Poisson process for which we throw a die at each jump. I have to solve the following exercise,

a) Let $X(t):t≥0$ be poisson process of rate 1 starting at 0. Each time $X$
jumps we roll a (fair) die. What is the distribution of the number of
odd numbers rolled in interval $[0,4]$ ?
b) Given that on interval $[0,12]$
there were 13 jumps, what is the probability that exactly 3 6’s were
rolled by the die ?

a) So the number of jumps in the interval [0,4] is $N(4) \sim Poisson(4) $ and since the probability of having a odd number is $0.5$ then the distribution of the odd numbers $\sim Poisson(4\times 0.5)$.

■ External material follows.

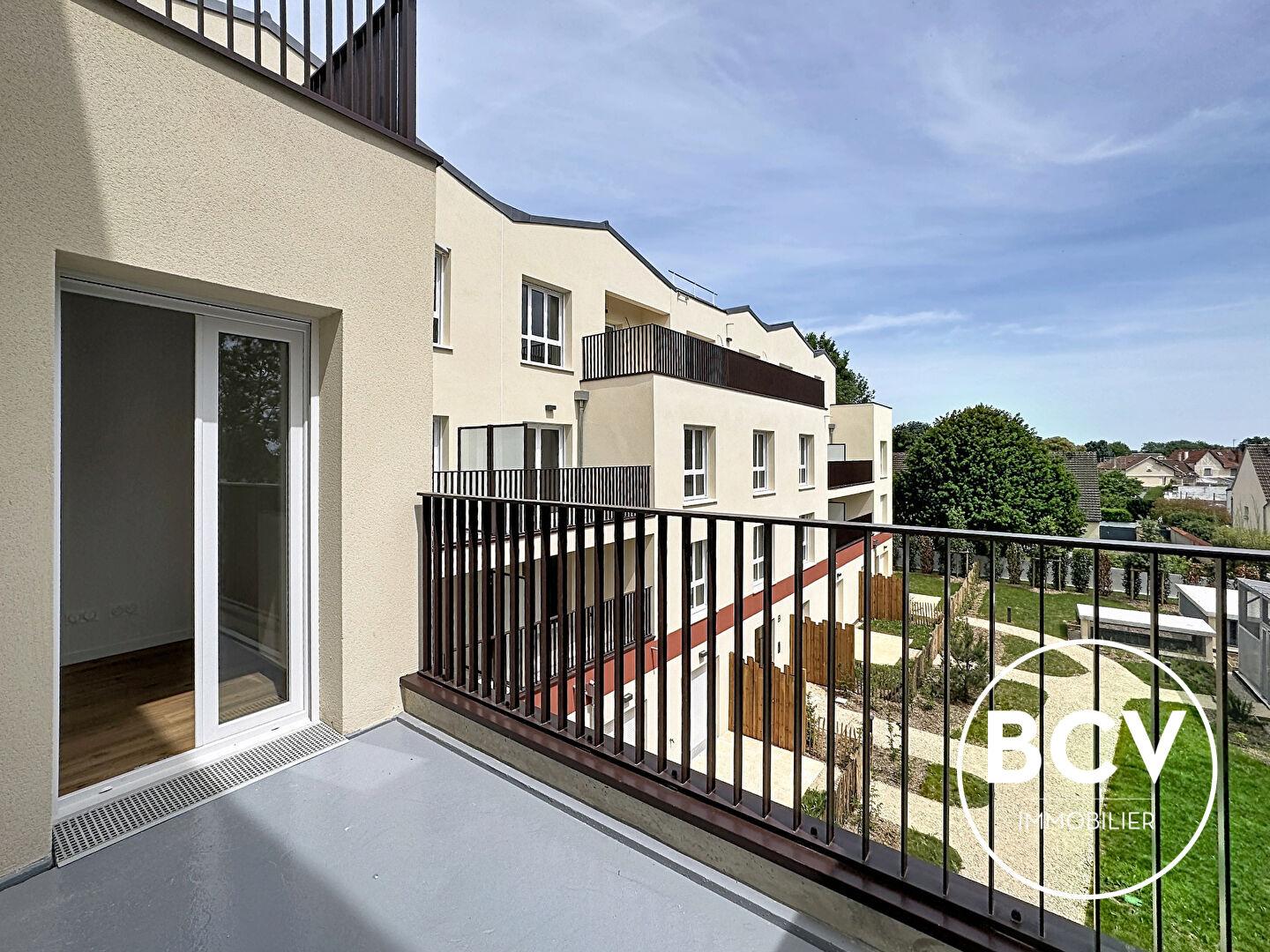 LUISANT - appartement 2 pièces neuf avec balcon et parking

b) But if I do the same for the next question, since the probability of getting a 6 is $\frac{1}{6}$, then on $[0,12]$ the distribution of 6 should $Z \sim Poisson(12\times\frac{1}{6})$ so the the probability of having 3 6's should be $P(Z=3)=e^{-2}\frac{2^3}{3!}$.
But the answer is $P(3 $ $ $ $ 6's)={13\choose 3}(\frac{1}{6})^3(\frac{5}{6})^{10}$. Which I understand. But what is wrong about the previous interpretation? And why is it wrong?
 A: Let $\{X(t):t\geqslant 0\}$ be a Poisson process with rate $\lambda>0$  and let $T>0$ be fixed. Then the distribution of  the odd numbers rolled in $[0,T]$, call it $O_T$, is given by
\begin{align}
\mathbb P(O_T=k) &= \sum_{n=k}^\infty \mathbb P(O_T=k\mid X(t)=n)\mathbb P(X(t)=n)\\
&=\sum_{n=k}^\infty\binom nk \left(\frac12\right)^n e^{-\lambda T}\frac{(\lambda T)^n}{n!}\\
&=\frac{e^{-\lambda T}}{k!} \sum_{n=k}^\infty \frac1{(n-k)!}\left(\frac{\lambda T}2\right)^n\\
&=\frac{e^{-\lambda T}}{k!}\left(\frac{\lambda T}2\right)^k\sum_{n=k}^\infty \frac1{(n-k)!} \left(\frac{\lambda T}2\right)^{n-k}\\
&=\frac{e^{-\lambda T}}{k!}\left(\frac{\lambda T}2\right)^k \sum_{n=0}^\infty \frac{(\lambda T/2)^n}{n!}\\
&= \frac{e^{-\lambda T}}{k!}\left(\frac{\lambda T}2\right)^k e^{(\lambda T)/2}\\
&= \frac{e^{-(\lambda  T)/2} ((\lambda  T)/2)^k}{k!}.
\end{align}
Substituting in $\lambda=1$ and $T=4$, we get
$$
\mathbb P(O_4=k) = e^{-2}\frac{2^k}{k!},
$$
so that $O_4\sim\mathrm{Pois}(2)$.
For b), let $Z_6$ be the number of $6$'s rolled, $J$ the number of jumps in $[0,T]$ where $T>0$ is fixed, and $n_6$ a nonnegative integer. Then conditioned on $\{N(T)=J\}$, $Z_6$ has $\mathrm{Bin}(J,1/6)$ distribution, independent of $T$. Hence
$$
\mathbb P(Z_6 = n_6\mid N(T)=J) = \binom{J}{n_6} \left(\frac16\right)^{n_6}\left(\frac56\right)^{J-n_6}.
$$
Substituting $n_6=3$, $T=12$, and $J=13$ we have
\begin{align}
\mathbb P(Z_6 = 3\mid N(12)=13) &= \binom{13}{3} \left(\frac16\right)^{3}\left(\frac56\right)^{13-3}\\ &= \binom{13}3 \left(\frac{5^{10}}{6^{13}}\right)\\
&= \frac{1396484375}{6530347008} \approx0.2138454.
\end{align}